● YOUR INSTRUCTIONS
Using the records below, copy exactly the part that opens with the line holding "Panos Multi-Uso Reutilizável" and closes with the line holding "Multi Layered Necklace", minus the pictures.

● MATERIAL SUPPLIED
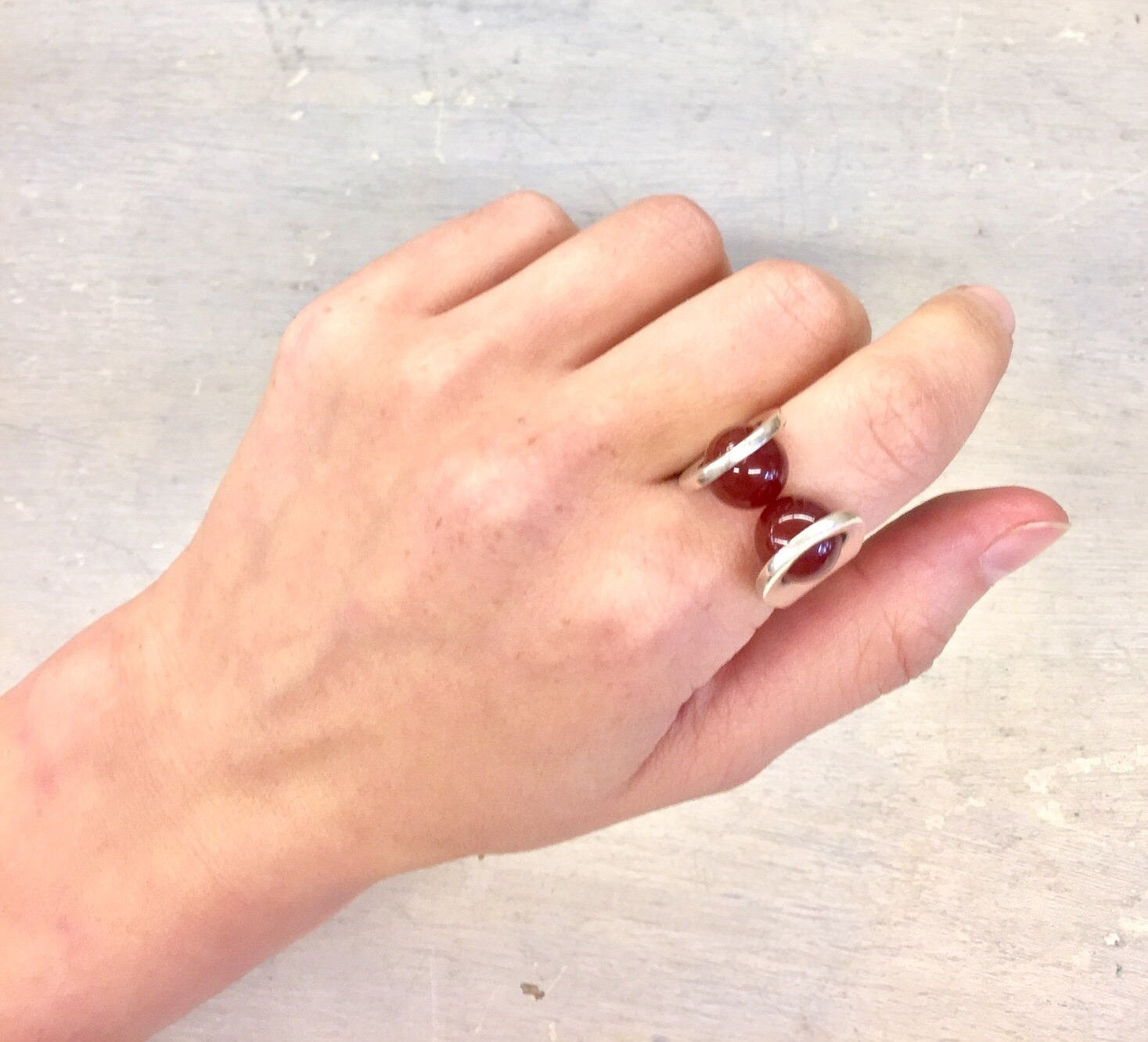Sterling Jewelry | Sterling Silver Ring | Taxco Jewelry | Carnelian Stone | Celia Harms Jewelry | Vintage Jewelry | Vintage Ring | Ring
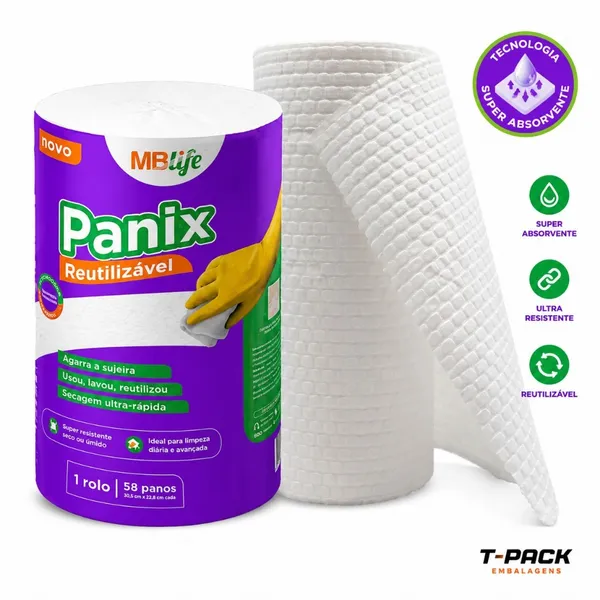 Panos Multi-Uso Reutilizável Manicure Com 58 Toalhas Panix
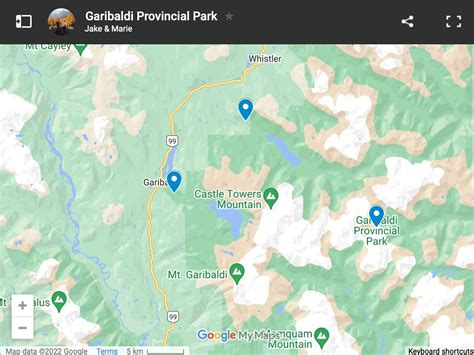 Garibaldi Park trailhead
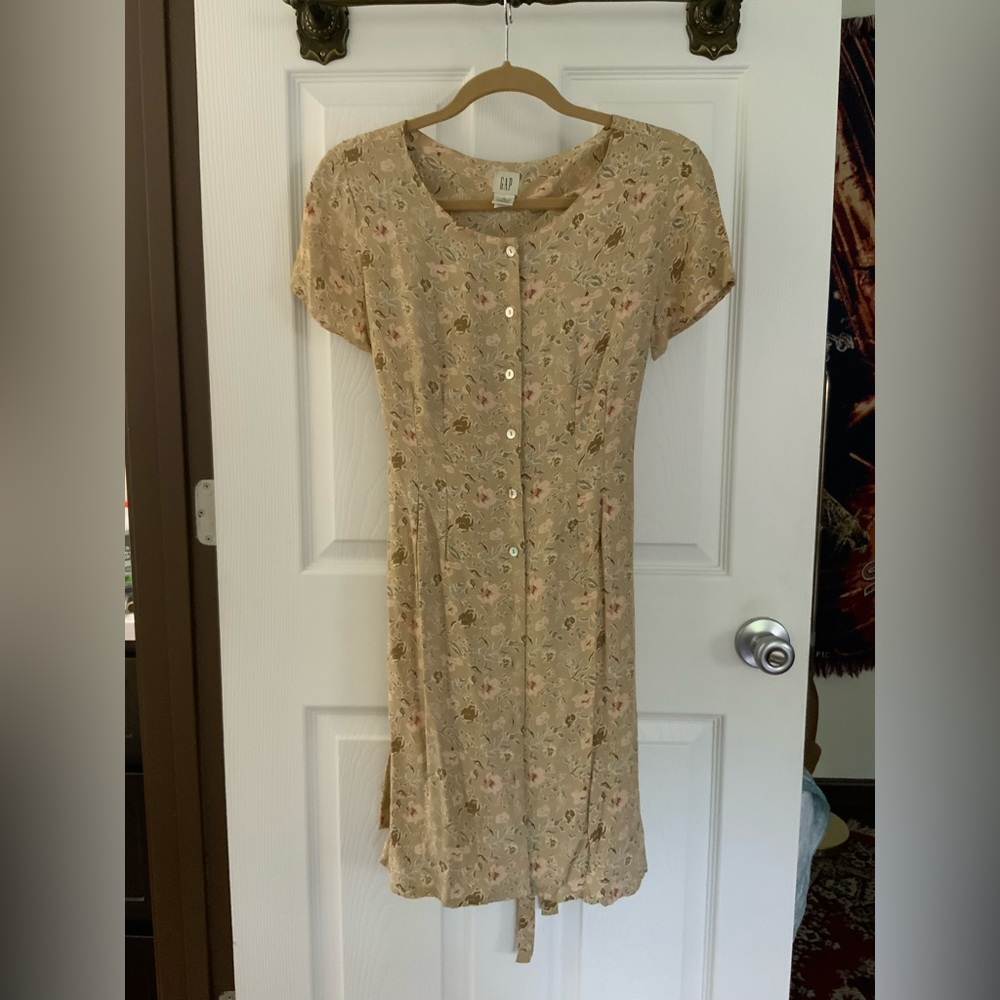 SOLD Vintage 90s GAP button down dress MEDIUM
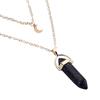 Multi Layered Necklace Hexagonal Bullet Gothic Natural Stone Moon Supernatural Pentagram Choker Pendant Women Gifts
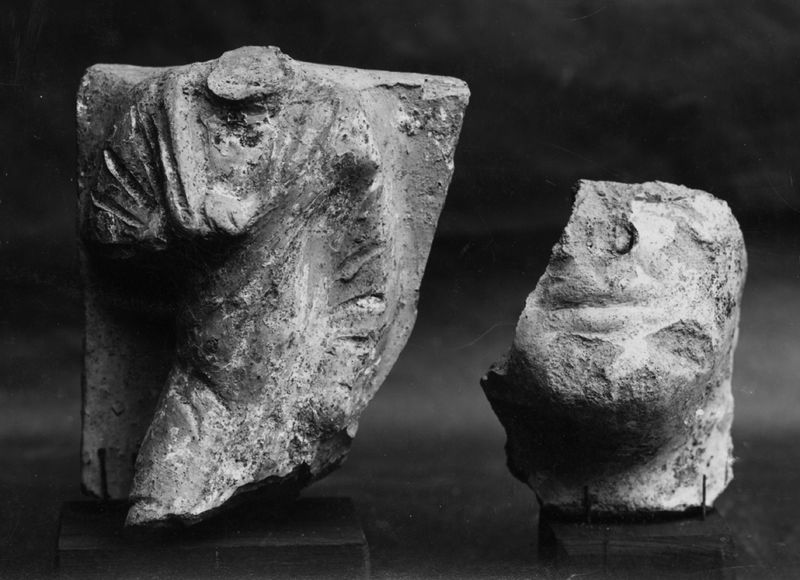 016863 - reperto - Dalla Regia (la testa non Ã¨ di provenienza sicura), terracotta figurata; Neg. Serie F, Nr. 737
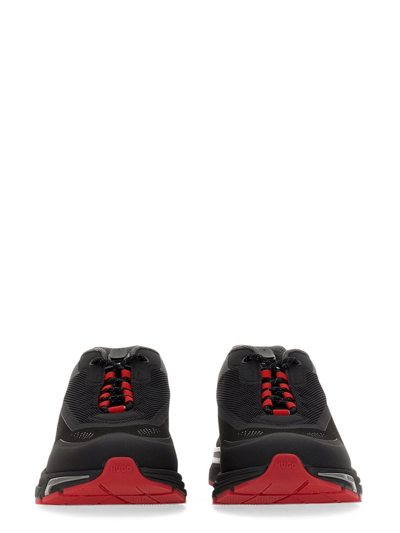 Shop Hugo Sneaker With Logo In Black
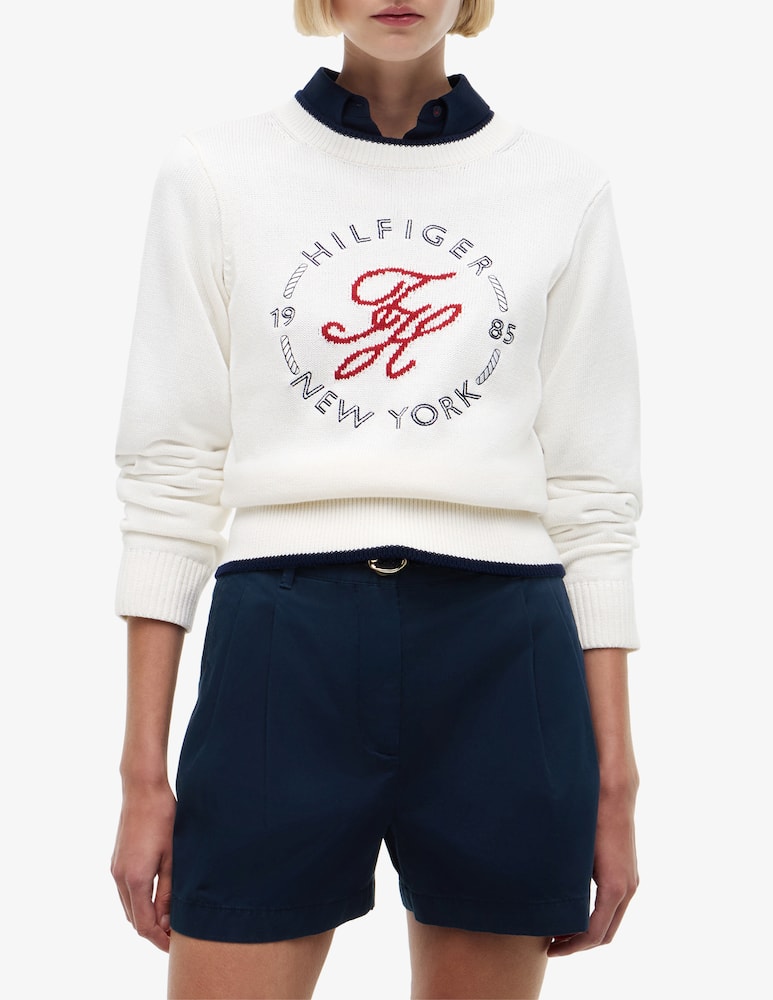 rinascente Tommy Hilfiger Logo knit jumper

● RESPONSE BOX
 Panos Multi-Uso Reutilizável Manicure Com 58 Toalhas Panix
 Garibaldi Park trailhead
 SOLD Vintage 90s GAP button down dress MEDIUM
 Multi Layered Necklace Hexagonal Bullet Gothic Natural Stone Moon Supernatural Pentagram Choker Pendant Women Gifts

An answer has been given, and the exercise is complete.